[Your goal] Quote every line below exactly and skip any picture.

┌─ Given material

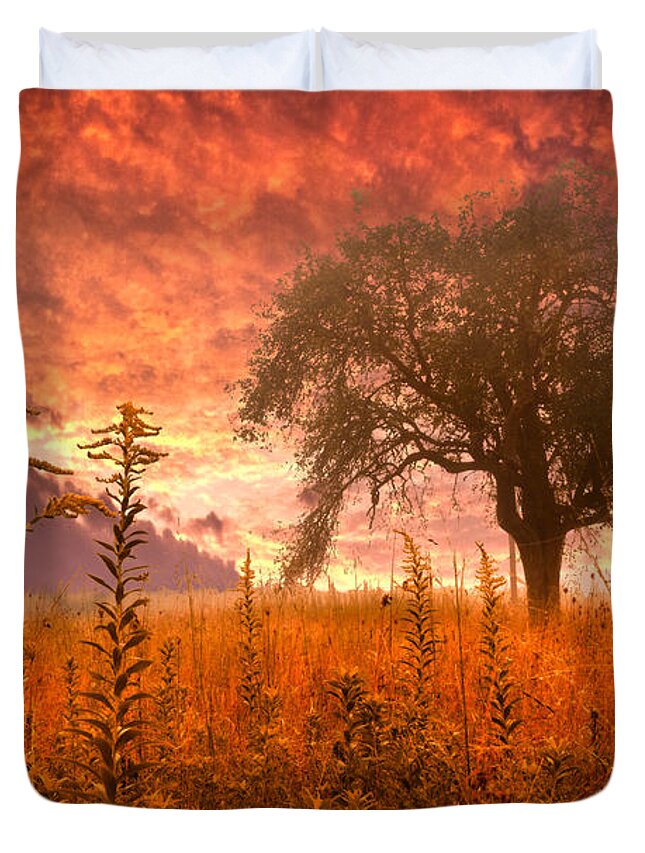 Andrews Duvet Cover featuring the photograph Aflame by Debra and Dave Vanderlaan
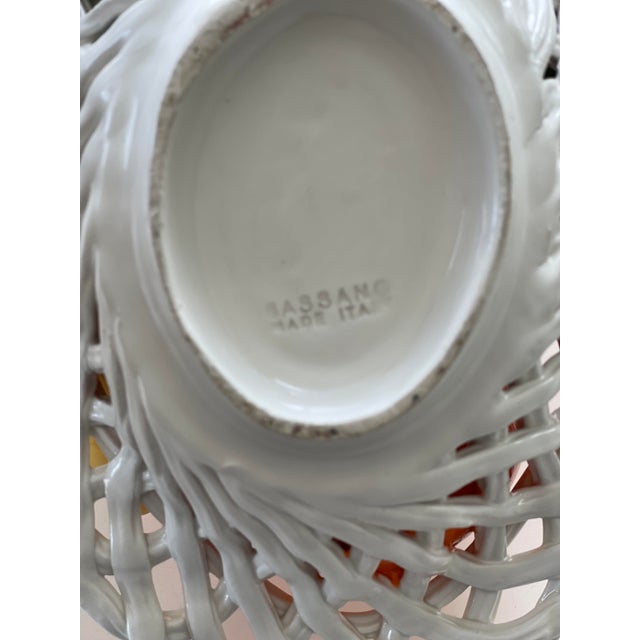 Ceramic Vintage Italy Bassano Pottery Fruit Bowl With Braided Rim & Handle For Sale - Image 7 of 13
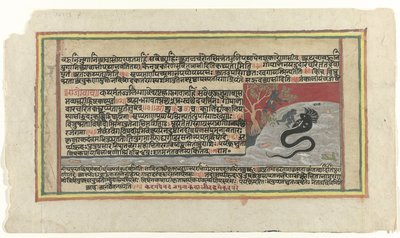 Krishna vecht tegen de slang Kaliya door Anonymous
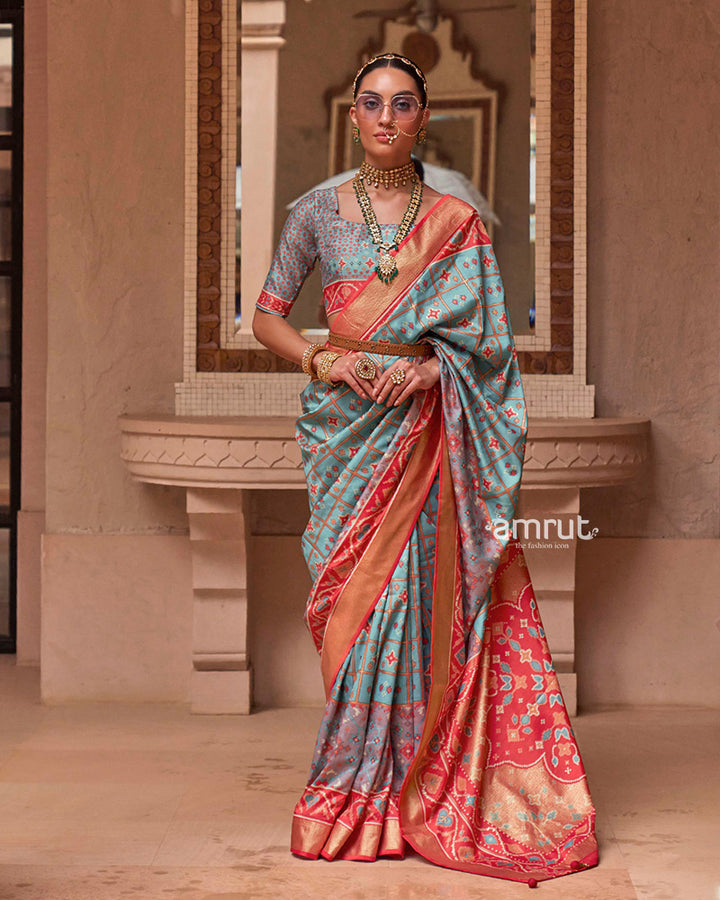 Sky Blue Patola Saree With Unstitched Blouse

└─

[Exercise result]
 Andrews Duvet Cover featuring the photograph Aflame by Debra and Dave Vanderlaan
 Ceramic Vintage Italy Bassano Pottery Fruit Bowl With Braided Rim & Handle For Sale - Image 7 of 13
 Krishna vecht tegen de slang Kaliya door Anonymous
 Sky Blue Patola Saree With Unstitched Blouse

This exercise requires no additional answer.